Toto, I’ve got a feeling we’re not in Kamloops

Sunday, July 15, 2007

That Dorothy was right. There really is no place like home.

After spending 10 days in Ontario — two in Toronto, apparently the true centre of the universe in many a mind, and eight in London — it was so good to feel those plane tires touch down out at Fulton Field.

There are so many reasons Kamloops is a great place to live.

Ontario has my older kids, my grandson, some very dear friends — and yes, about 40 years’ worth of memories — but Kamloops has got everything beat.

Consider these:

I went to the University of Western Ontario to visit some friends there. Put a looney in the parking meter. Got 12 minutes.

Put another looney in. That took the time to 24 minutes.

It ended up costing $5 for slightly more than an hour to fit in a visit and quick turn around the old campus.

Went downtown for lunch with that friend from campus. We had to park about three blocks away from our destination, and walk. Got to the street and the cars just kept on whizzing by.

I know we were about to jaywalk, but heck, in Kamloops, cars stop for pedestrians waiting to cross the road just about anywhere.

In Kamloops, drivers don’t use turn signals. Now I realize many of you take umbrage at that statement, but the truth is you don’t.

In London — and moreso in Toronto — drivers don’t pay any attention to a single traffic indicator.

Red light? In Ontario, it apparently means speed up and run it.

Yellow light? Time to go very quickly and make sure there’s a jam of vehicles blocking every road.

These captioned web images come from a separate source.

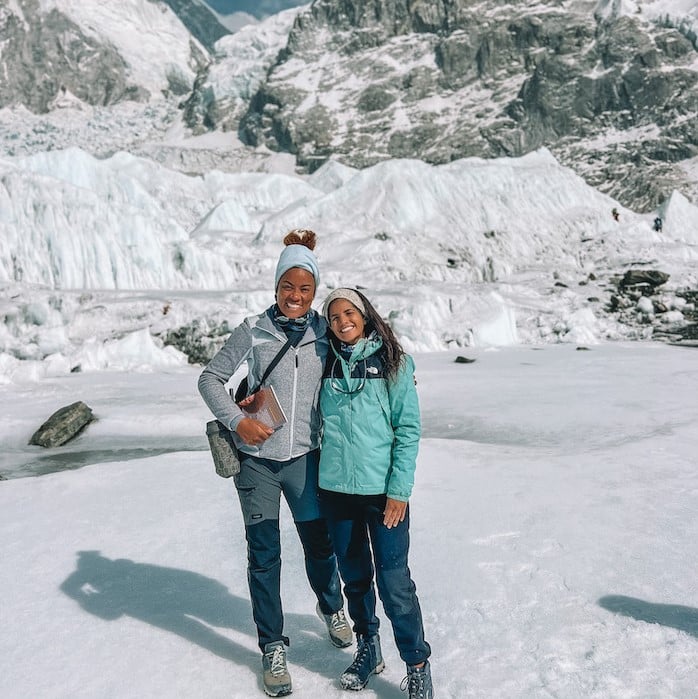 Duas mulheres abraçadas e sorrindo, num lugar que tem chão de gelo e várias montanhas de gelo ao fundo. Foto para ilustrar o post Acampamento Base do Everest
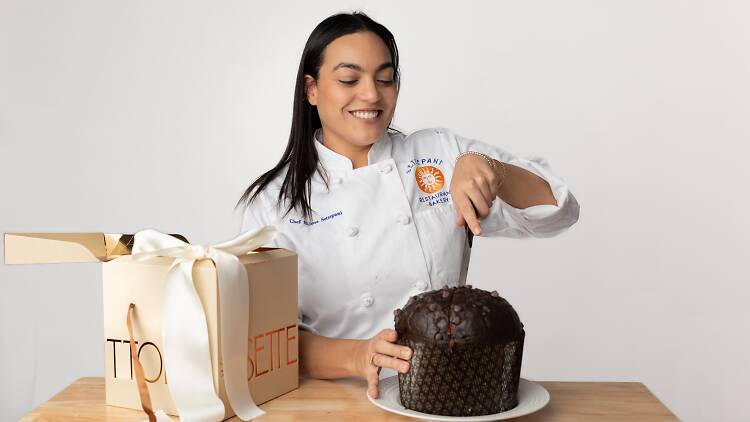 Bilena Settepani of Settepani Bakery cutting into a chocolate panettone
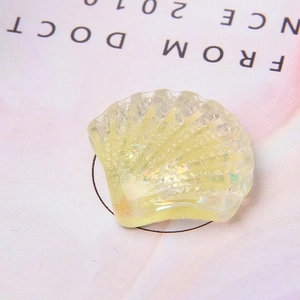 Macro-opname van schelpvormige harsbedel met glitterpailletten voor DIY telefoonhoesjes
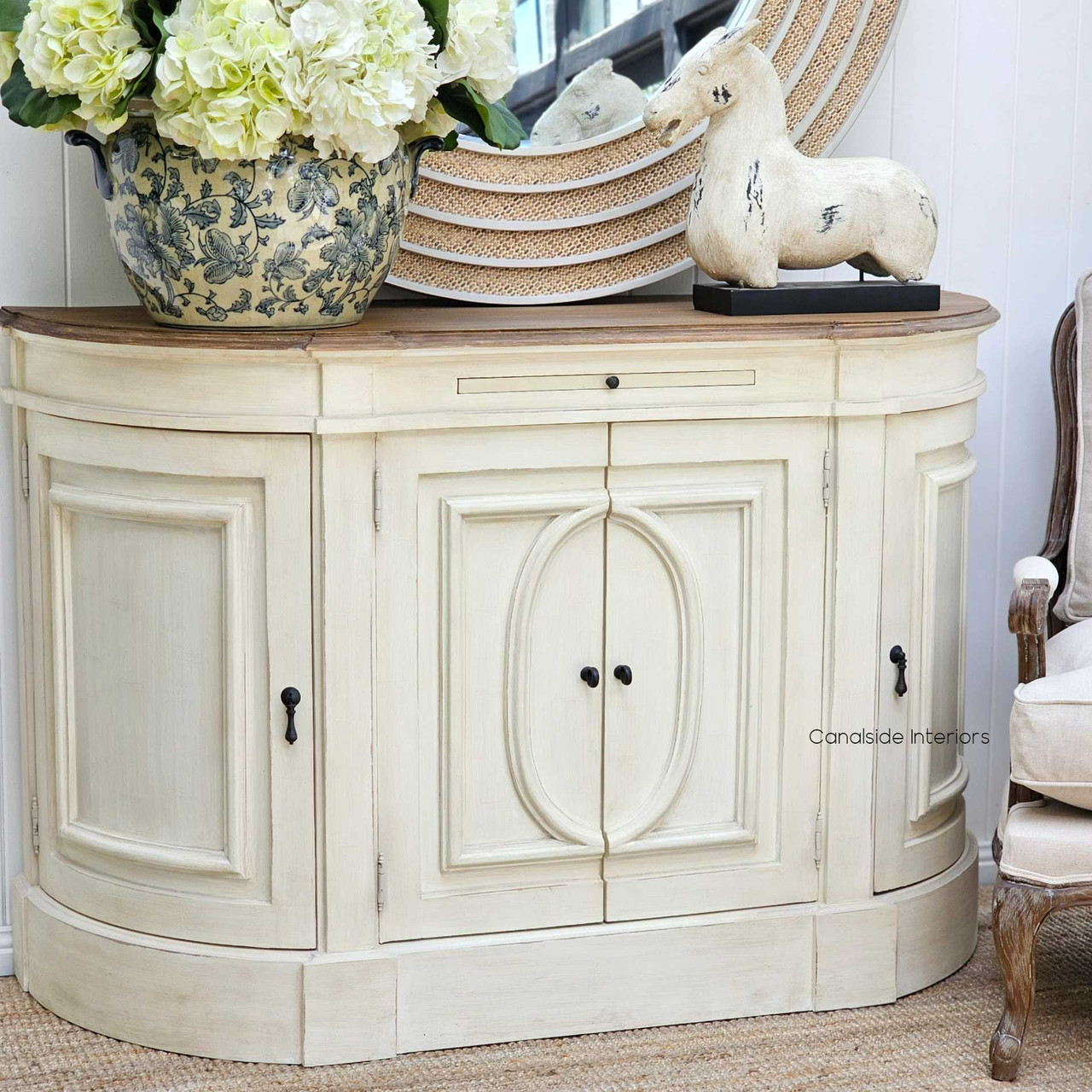 Angled view of the Bastian Sideboard, with its heavy distressing and classic silhouette, offers a chic storage solution for modern homes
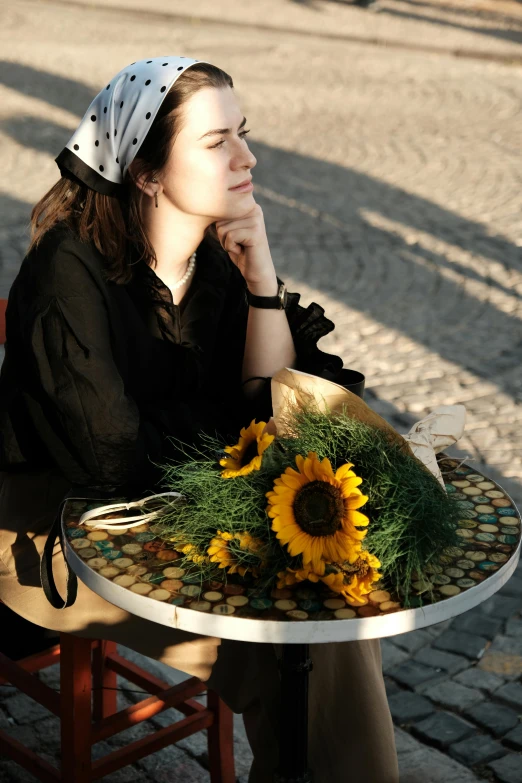 a woman sitting at a table with flowers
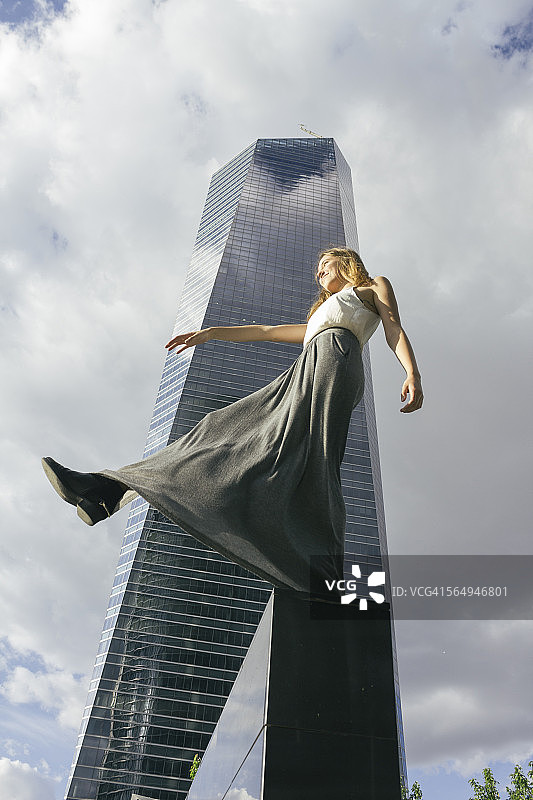 西班牙，马德里，摩天大楼前墙上的年轻女子图片素材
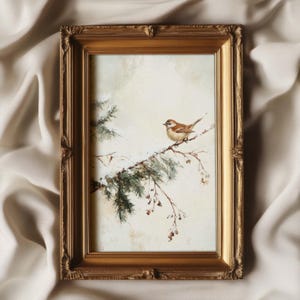K&ouml;nnte beinhalten: Ein gerahmtes Gem&auml;lde eines kleinen braunen Vogels, der auf einem Zweig eines schneebedeckten Nadelbaums sitzt. Das Gem&auml;lde ist vor einem hellen Hintergrund platziert und in einem goldenen Rahmen gefasst.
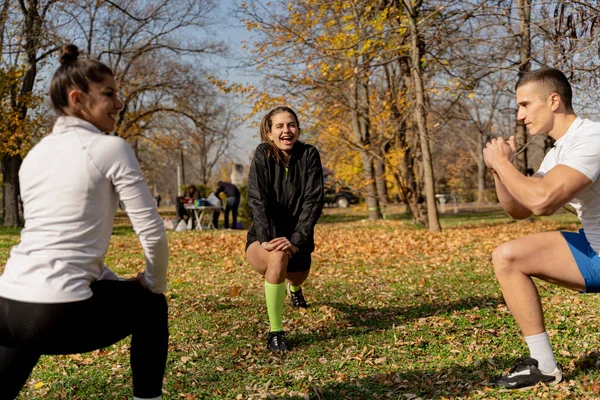 Three Attractive Amazing Fit Friends Stretching Smiling Together — Stock fotografie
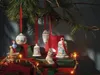 Christmas ornaments and gifts displayed under a pine branch. Produktbild-Vorschau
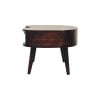 Vintage round wooden side table on white background.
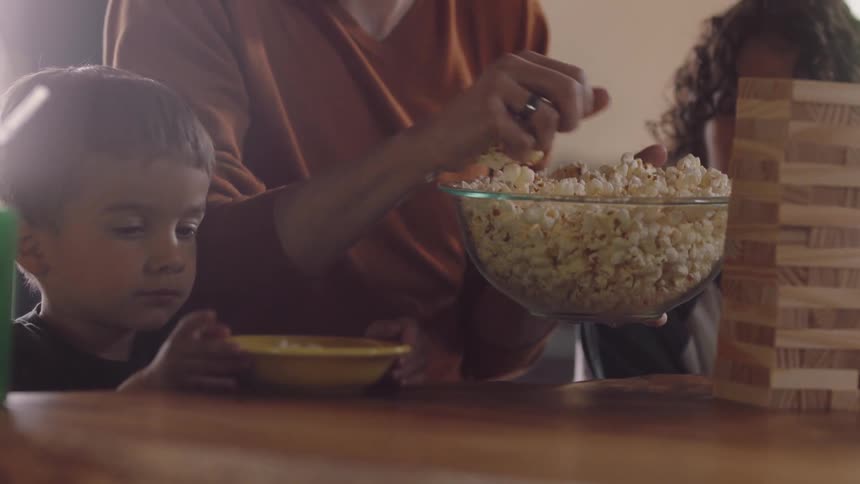 Mother puts popcorn in bowl for their children while playing jenga at table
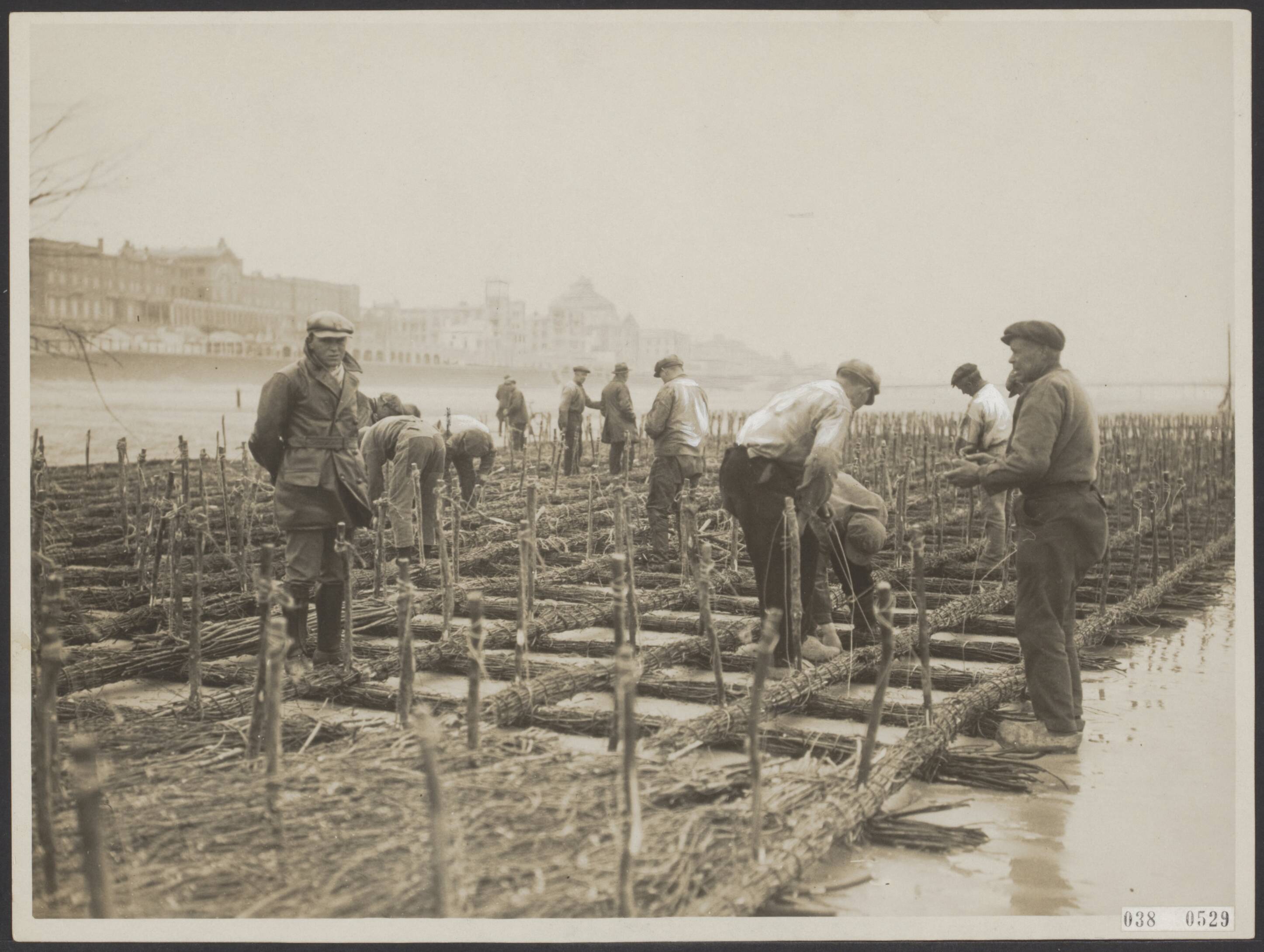 Fotocollectie Elsevier Binnenland — Op het strand van Scheveningen worden van twijgen grote brekers in elkaar gezet. Deze worden, verzwaard met steen en puin, in zee gelaten om de kleine binnenpieren tegen de zware golfslag te beschemen — Foto: N.V. Polygoon. Licentie: Set B: Rechtenvrij / Publiek Domein. Bron: Nationaal Archief. http://hdl.handle.net/10648/adf1da50-d0b4-102d-bcf8-003048976d84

Humidity — I had forgotten how humid it is there. We get heat here but it’s not the kind that makes you feel like you should carry a towel everywhere — if you dare to even go out of the house.

People are, for the most part, polite here in Kamloops. When my eldest son moved here a few years ago, he came home one day and said he couldn’t take it. People are too nice, he exclaimed, nothing like back home.

And he’s right. I bump into someone, I apologize.

We all pretty much do that. I can’t count the number of times I was almost bowled over in Ontario by people who were headed somewhere very quickly and determinedly.

Actually, they walked much the way they drove: Hurry up and wait, don’t give an inch and yell at anyone who gets in your way.

When I lived in London, the market downtown was a true farmers’ market. The same families were there with their wares for sale. You could wander around leisurely choosing produce, some handmade items and visit the neatest pet store in town.

The market now is upscale, trendy, fast, and filled with yuppie-food-to-be-nuked-quickly. The old farm families are nowhere to be seen. It’s crowded. Everyone was rushing. There were wrought-iron tables for two placed throughout and along the edge of the building were several restaurants and wine bars.

And not a fresh tomato to be seen, although I did find a place to buy a potato focaccia rosemary loaf of bread.

The downtown area itself is not even a shred of what it used to be. If anything, it looks like some of the rougher parts of Toronto and Vancouver. There was nothing along either side of the street that was interesting enough to make me stop. No Fratelli’s. Nothing at all like Mainstreet Clothing. No Eyes International. No Lavender Lingerie. Nothing at all like our own boutiquey, user-friendly downtown area.

City Lights Bookstore, the business that gave B.C.’s prince of pot Marc Emery an early boost into entrepreneurship, is still there though and still pretty much the way Marc left it decades ago.

Sure, it used to be home. And there was a time much earlier in my life when I couldn’t wait to get back to it.

But it’s not home now. It’s where some of my family lives, and where I’ll likely return to spoil them all and play with the grandson.

But it’s not Kamloops. This is a gem of a city, something we don’t realize until those wheels touch down on the runway.